- [Data extract]:
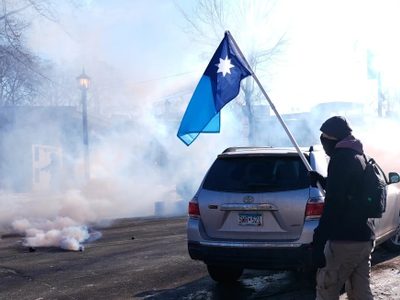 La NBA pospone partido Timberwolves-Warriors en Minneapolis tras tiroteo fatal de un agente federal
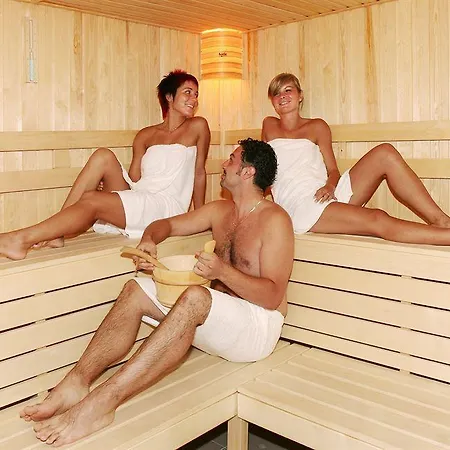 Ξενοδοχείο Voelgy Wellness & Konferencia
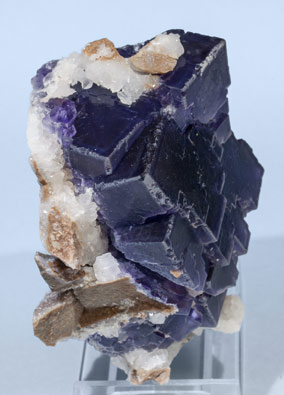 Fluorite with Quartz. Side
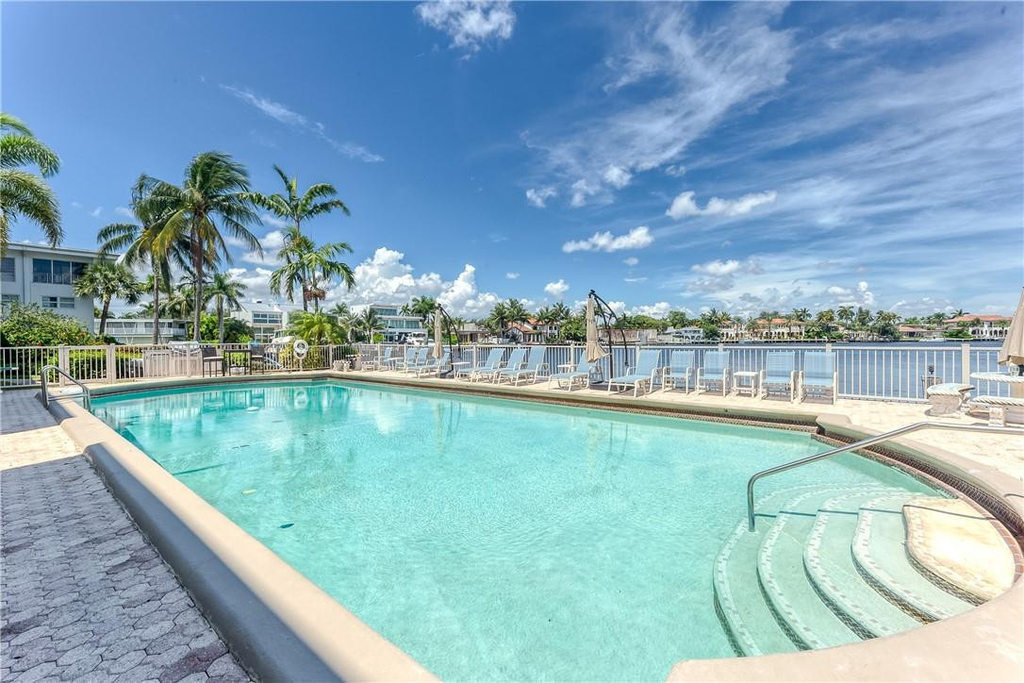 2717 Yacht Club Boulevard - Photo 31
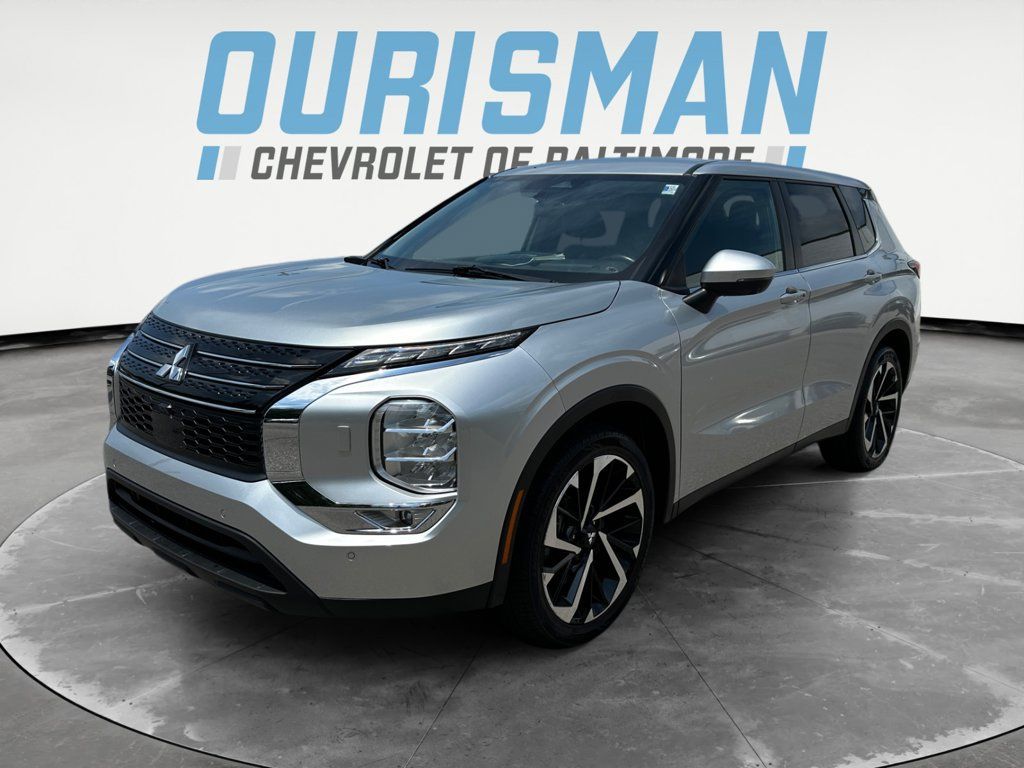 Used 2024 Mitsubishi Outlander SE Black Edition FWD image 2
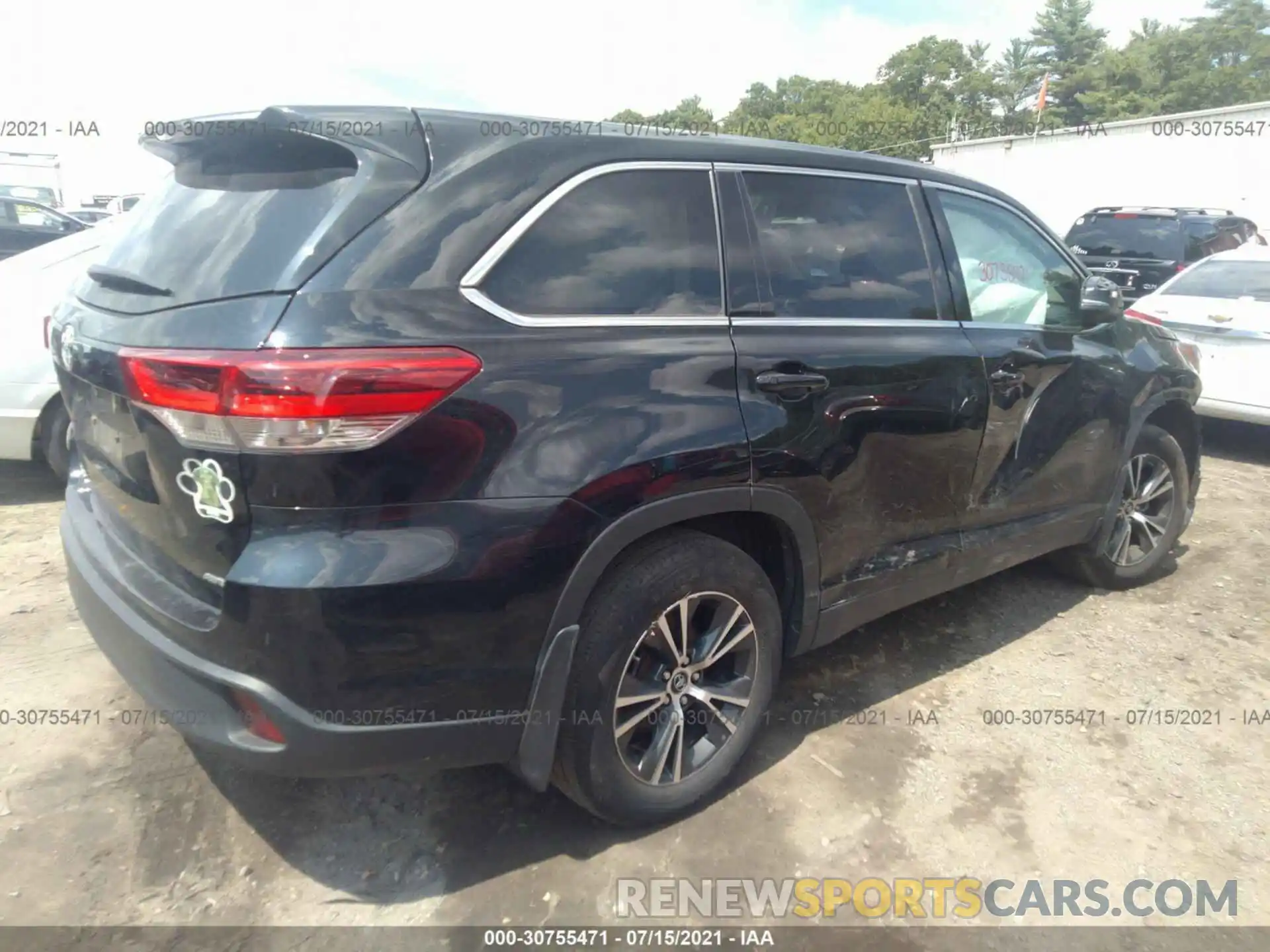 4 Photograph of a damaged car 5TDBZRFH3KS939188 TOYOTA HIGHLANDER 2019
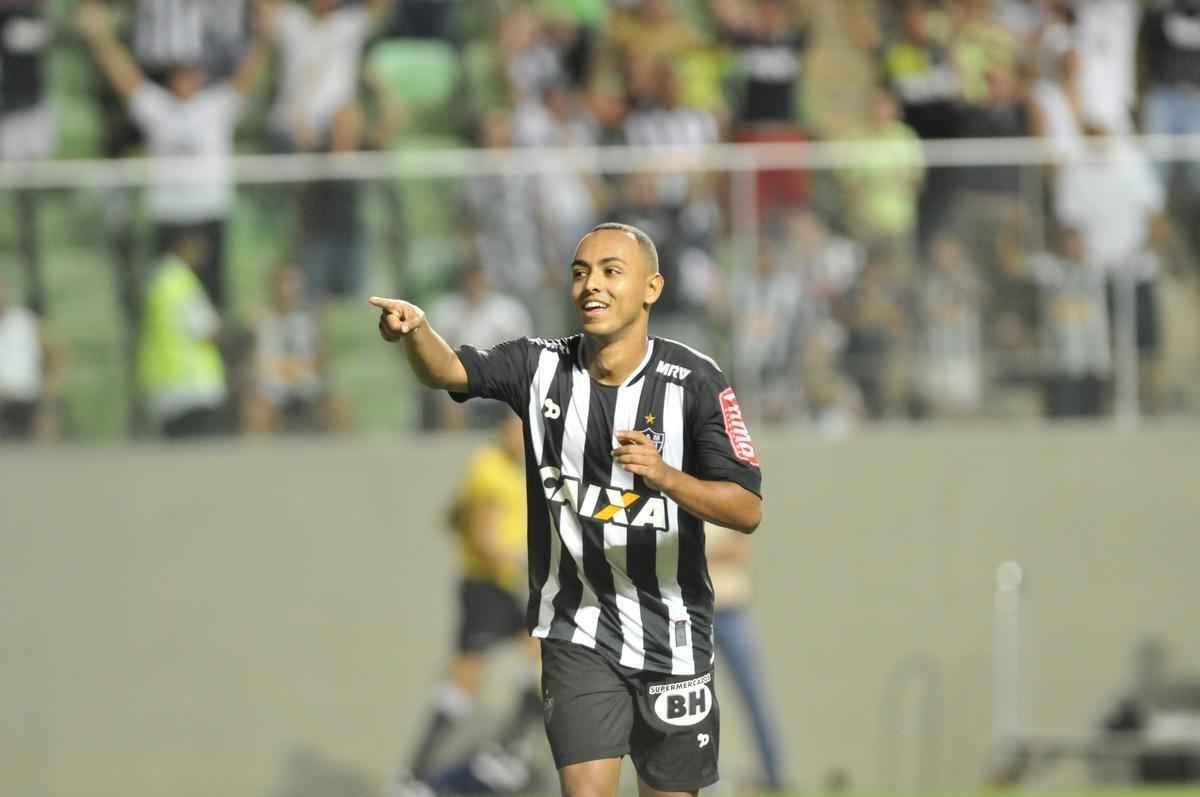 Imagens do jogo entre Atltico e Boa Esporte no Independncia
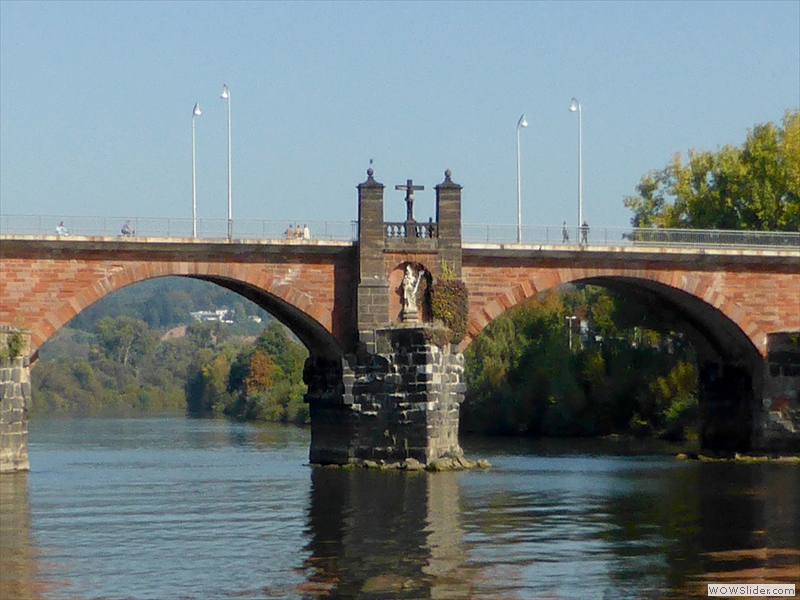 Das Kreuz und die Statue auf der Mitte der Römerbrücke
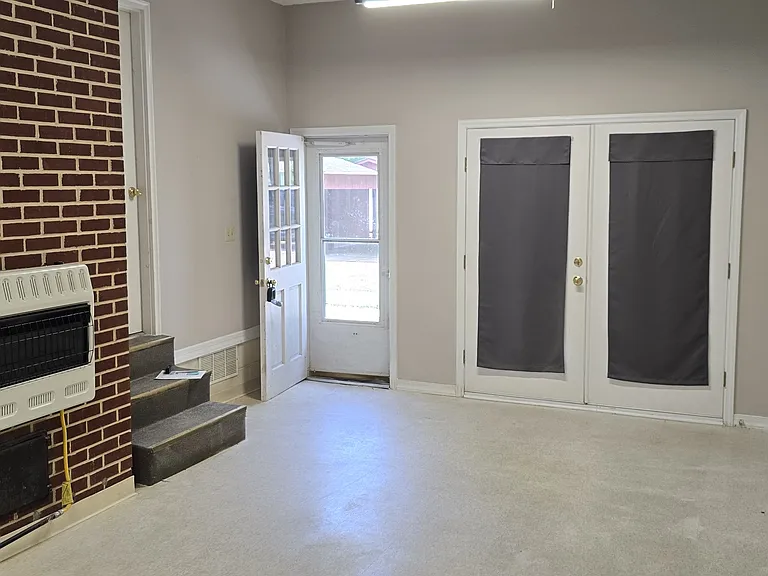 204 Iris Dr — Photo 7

- [What you have to do]: Once the pictures are removed, return the entries exactly as they stand.

- [Expected answer]:
 La NBA pospone partido Timberwolves-Warriors en Minneapolis tras tiroteo fatal de un agente federal
 Ξενοδοχείο Voelgy Wellness & Konferencia
 Fluorite with Quartz. Side
 2717 Yacht Club Boulevard - Photo 31
 Used 2024 Mitsubishi Outlander SE Black Edition FWD image 2
 4 Photograph of a damaged car 5TDBZRFH3KS939188 TOYOTA HIGHLANDER 2019
 Imagens do jogo entre Atltico e Boa Esporte no Independncia
 Das Kreuz und die Statue auf der Mitte der Römerbrücke
 204 Iris Dr — Photo 7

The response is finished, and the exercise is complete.